Hydrothermal treatment: An in situ method of strengthening nanoparticle-containing layer-by-layer coatings


Zekeriyya Gemici, zgemici@mit.edu1, Hiroomi Shimomura, shimo@mit.edu2, Robert E. Cohen1, and Michael F. Rubner, rubner@mit.edu3. (1) Department of Chemical Engineering, Massachusetts Institute of Technology, 32 Vassar Street Room 13-5128, Cambridge, MA 02139, (2) Department of Material Science and Engineering, Massachusetts Institute of Technology, Cambridge, MA 02139, (3) Department of Materials Science and Engineering, MIT, 77 Massachusetts Ave, Cambridge, MA 02139
Conformal coatings can be assembled layer-by-layer (LbL), where layers of positively and negatively charged polymers, nanoparticles, or polyvalent ions can be electrostatically adsorbed on flat or textured surfaces. The LbL technique makes nanoscale control over coating morphology and chemistry possible under very simple processing conditions. Nanoparticles have been used in LbL films to achieve anti-fogging, superhydrophobic, antibacterial, anti-reflection (AR), and many other functionalities. However, lack of mechanical durability is a major barrier to commercialization.
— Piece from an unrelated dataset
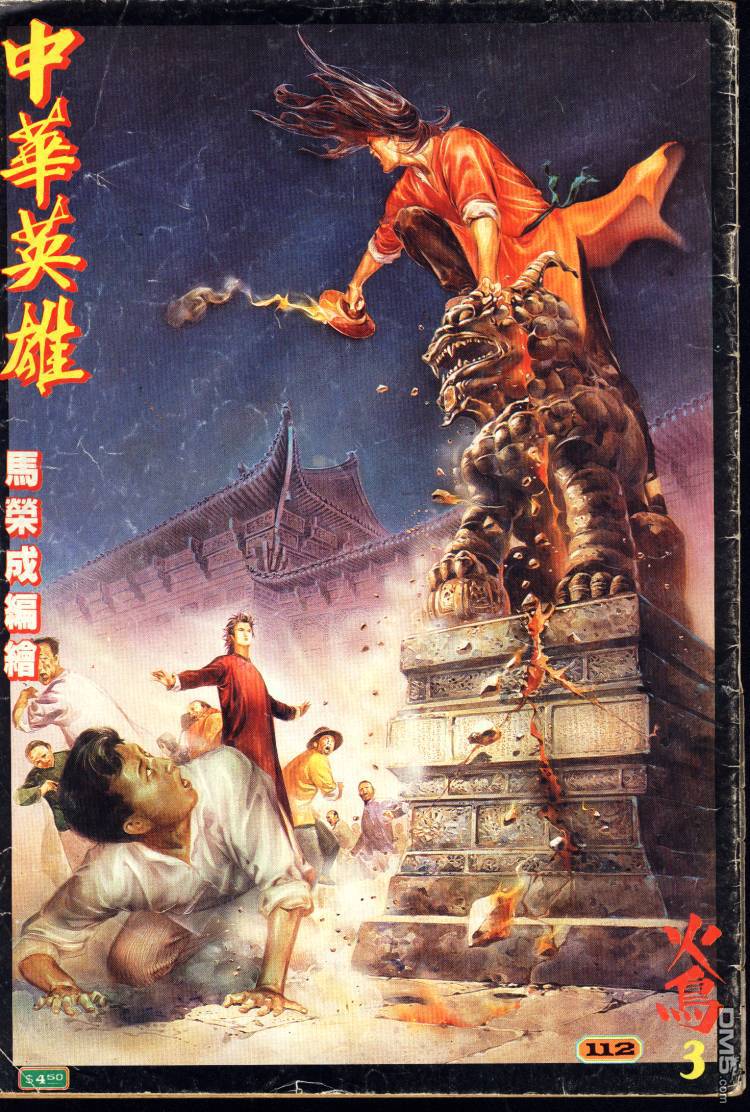 第 30 页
While nanoparticles can be sintered at high temperatures (>500C) to yield relatively durable coatings, the sintering process is not compatible with plastic substrates. In this work, we used hydrothermal treatments below 140C as a method of fusing silica and titania nanoparticles in situ, via a dissolution-redeposition mechanism. We demonstrate mechanical durability, mechanisms of failure, and substrate effects. Current efforts are focused on broadening choice of substrates and understanding chemical changes upon hydrothermal treatments.